Quinoa, Lentil and Cauliflower Salad
4
- ★★
- ★★
- ★★
- ★★
- ★★
Jump to Section
- Recipe Card
Prep time 10mins
Cook time 20mins
Serves or Makes: 4
Recipe Card
For the Salad
ingredients
- 2 cups lentils,
- 1 cup quinoa,
- 1 large head cauliflower, cut into florets
- 2 tablespoons olive oil
- 2 teaspoons turmeric
- pinch salt
- 4 cups arugula
To Make the Salad
Method
Step 1
In a small saucepan over medium heat, bring enough water to cover lentils to a simmer, add a pinch of salt and cook lentils until tender, 15 minutes. In a small saucepan, bring quinoa and 2 cups of water to a simmer, cooking until tender and all liquid is absorbed, 15 minutes.
Step 2
Preheat oven to 350ºF. Toss the cauliflower with olive oil, turmeric and salt and spread out on a lined baking sheet.
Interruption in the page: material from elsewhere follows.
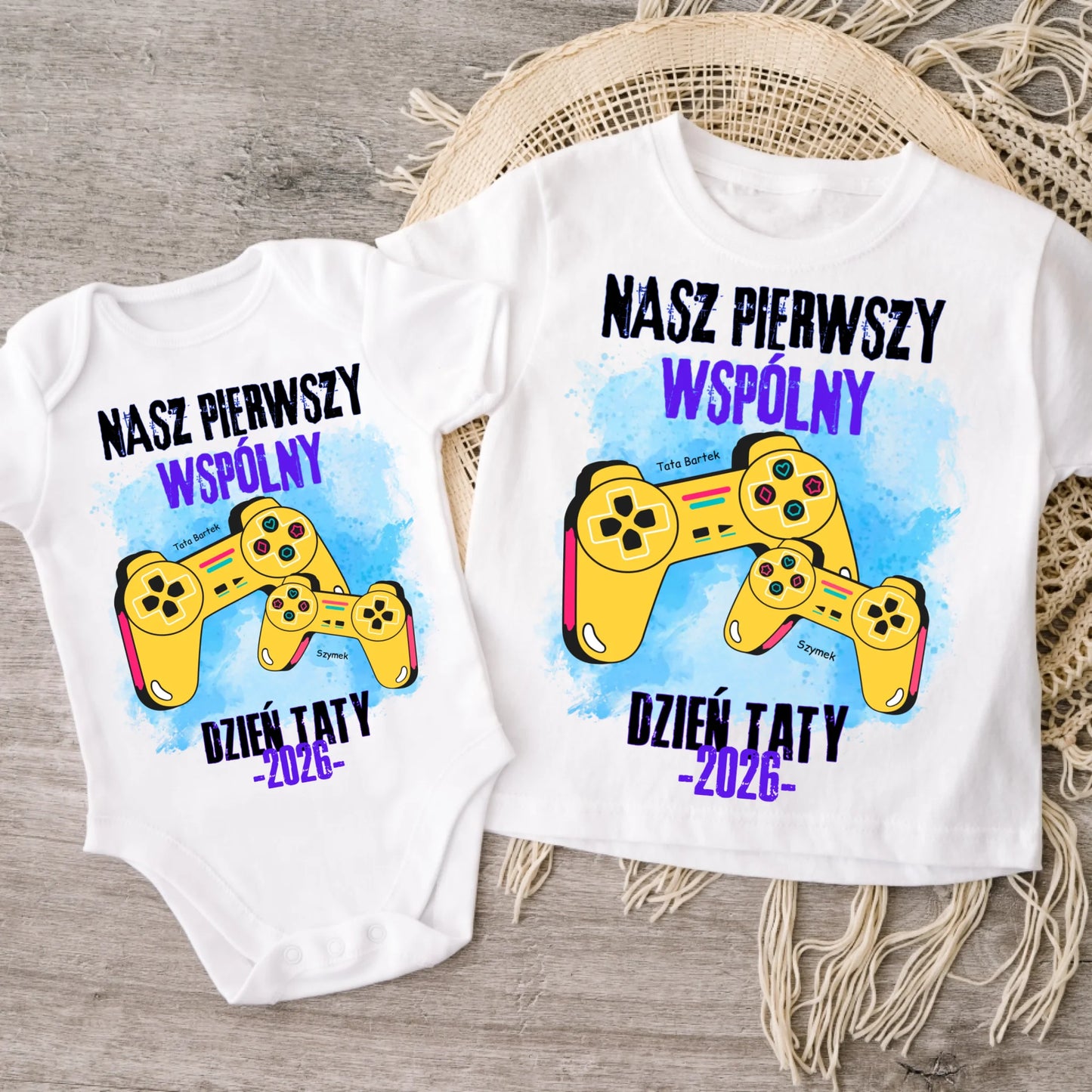 Koszulka ze wzorem tata i dziecko - Personalizowana (rodzinna) #7912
Roast until deeply browned, about 20 minutes.
Step 3
In a large bowl, toss together roasted cauliflower, arugula, quinoa, lentils and dressing.
For the Dressing
ingredients
- 1/4 cup tahini
- 1/4 cup lemon juice
- 2 teaspoons maple syrup
- pinch salt
To Make the Dressing
Step 1
Combine tahini, lemon juice, 1/4 cup water, maple syrup and salt in a jar with a lid, close and shake well until the mixture is emulsified, 1-2 minutes. Toss with the salad.